I really hate posting ugly pictures of Egypt when there is so much beauty here, but every now and then I have to in hopes of helping people care for our country. The government (old government) built an extension of the Ring Road to connect the end of the Moneeb coming from Kattameya to the part of the ring road that circled around to the north of the city. Originally the road was intended to go around behind the Giza Plateau but UNESCO blocked that route arguing that the construction was not good in an antiquities area. Just last fall someone put up some tent material along the canal just where the extension took off from ground level and began dumping garbage there. Now every day trucks come and dump load after load of smelly gross garbage under the overpass while bulldozers dig it up again and put it in big trucks to move somewhere else instead.

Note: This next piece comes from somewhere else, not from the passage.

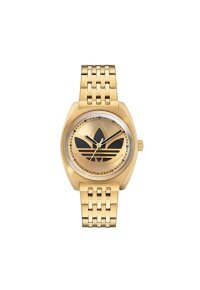 ADIDAS WATCHES Mod. AOFH23509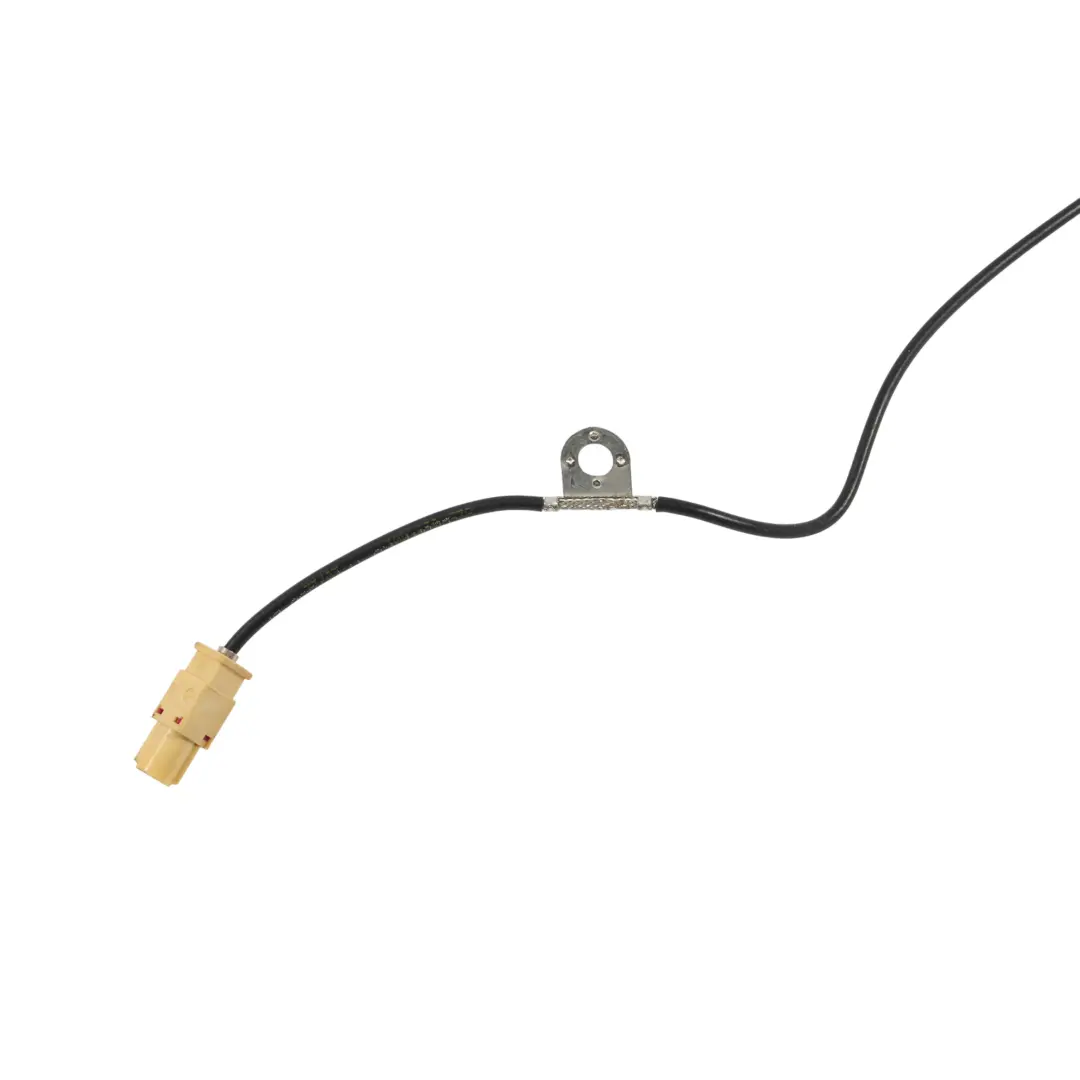 Mk2 Module Câblage Antenne Rétroviseur Extérieur pour Volkswagen Crafter à propos du numéro de pièce 7C0035532 Volkswagen Crafter Mk2 Module Câblage Antenne Rétroviseur Extérieur - SKU 7C0035532 - Numéro de pièce 7C0035532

All of this is incredibly stupid. Instead of investing money in the Zebaleen who recycle roughly 80% of the waste they collect, we are paying people to move it around in trucks, using gasoline and polluting the air further. And it goes to landfills, which as might be expected, FILL UP!

Saturday, June 4, 2011

The Black Land


In the time of the pharoahs Egypt was divided into the Black Land of the Nile Valley and the Red Land of the desert. Most of the desert near the valley is a reddish colour. You can tell where the antiquities were by a slight white tinge to the desert where the stone chips still cover the sand after the limestone was cut up. The black soil of the valley used to be replenished by the silt from the Nile during the yearly flood. Now it is replenished by the addition of the manure from the water buffalo, silt dug out of the canals during dredging and the careful rotation of the crops by the farmers.

Sunday, May 29, 2011

Liftoff in Ten Minutes


This looks like a UFO parked on a roof but it is actually the cover for an air vet in an old house in the old section of Cairo. The cover helps keep rain from coming in on the off chance it may rain, but lets the hot air escape. This is probably about 100 years old and was constructed of wood covered with stucco.

Saturday, May 28, 2011

Workday Tools


I believe my friend Elaine Jaques took this while visiting from Canada. These are the tools of the trade hanging on the tack room wall. The mastaba bench is for rest.